Strengths: The paper shows a good analysis of the implementation components of PIC. The ablation studies are thorough and show that each part of the implementation needs to be tuned to achieve good performance. I think there is value on showing the simple approaches for self-supervised learning like PIC can attain similar performance to more complex approaches like SimCLR.

Weaknesses: The main weakness of this paper is novelty. Most of the implementation tricks used on this paper are introduced in other papers (as the authors correctly point out). The novel contributions are in data scheduler and in the negative sample strategy. Which in my opinion do not constitute a contribution worth publication at NeurIPS. Another weakness of this paper is on the empirical side.

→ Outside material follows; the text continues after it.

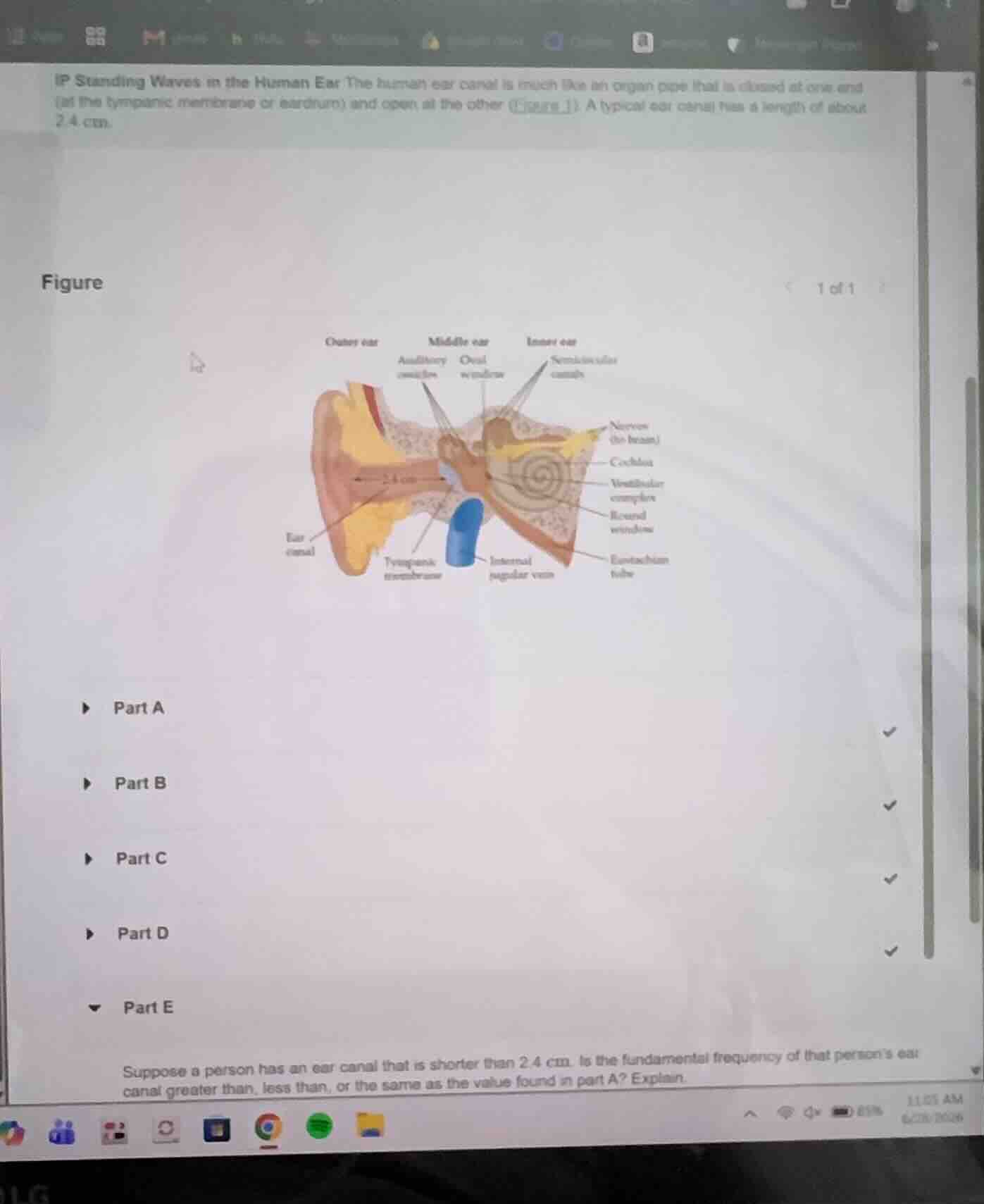 ip standing waves in the human ear the human ear canal is much like an …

Especially on the comparison with SimCLR. As a reviewer, I understand that computational resources play a big role on this comparison. Since we cannot expect all institutions to have access to the same compute resources. Tab 5 is the main example of this situation. The proposed approach seems to outperform SimCLR if training for 200 epochs. However, when SimCLR is trained for 1000 epochs it outperforms the proposed method. From this results I cannot say if the proposed approach is outperforming SimCLR, it could be that the proposed approach benefits from the cross-level discrimination earlier in training, and thus outperforms SimCLR at epoch 200, but then SimCLR catches up and outperforms the proposed approach when converged.

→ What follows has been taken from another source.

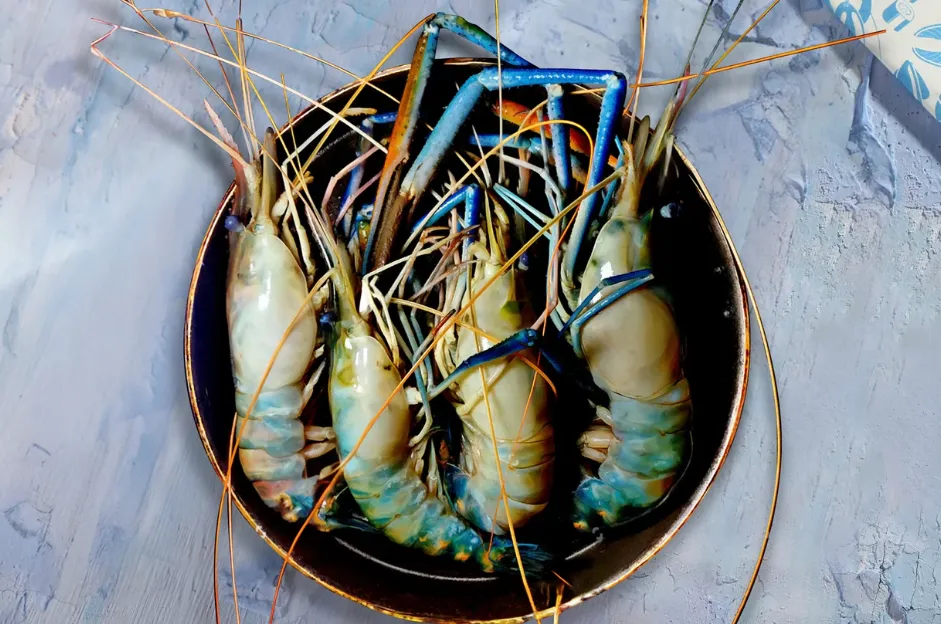 Scampi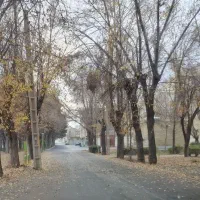 خریدار زمین در زرین شهر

Correctness: The submission is empirically and methodologically correct. However, I am concerned that due to computational resources, a fair comparison between the proposed method and SimCLR cannot be obtained.

Clarity: The paper is clear but a lot of notation details are not properly introduced or used. For example: - line 72 W \in R^{D \times N}, what is D and N?

Relation to Prior Work: Related work is properly discussed and how this submission differs from previous contributions is clear. Although there are a couple of missing references on cross-level relationship modeling: Bautista, Miguel A., et al. "Cliquecnn: Deep unsupervised exemplar learning." Advances in Neural Information Processing Systems. 2016. Milbich, Timo, et al. "Unsupervised video understanding by reconciliation of posture similarities." Proceedings of the IEEE International Conference on Computer Vision. 2017. Bautista, Miguel A., Artsiom Sanakoyeu, and Bjorn Ommer. "Deep unsupervised similarity learning using partially ordered sets." Proceedings of the IEEE Conference on Computer Vision and Pattern Recognition. 2017.

Reproducibility: Yes

Additional Feedback:

Review 3

Summary and Contributions: The work tackles the problem of self-supervised representation learning. It shows how to "fix" the parametric approach of [12] such that it performs better or on par with the most recent dual-branch contrastive frameworks while the training procedure is efficient. To this end, the authors propose a sliding-window sampling strategy to alleviate infrequent instance class visits. For improving training efficiency, the paper proposes to sample fewer negative classes and to correct classification weights only when they are used in forward pass, instead of updating them on every iteration.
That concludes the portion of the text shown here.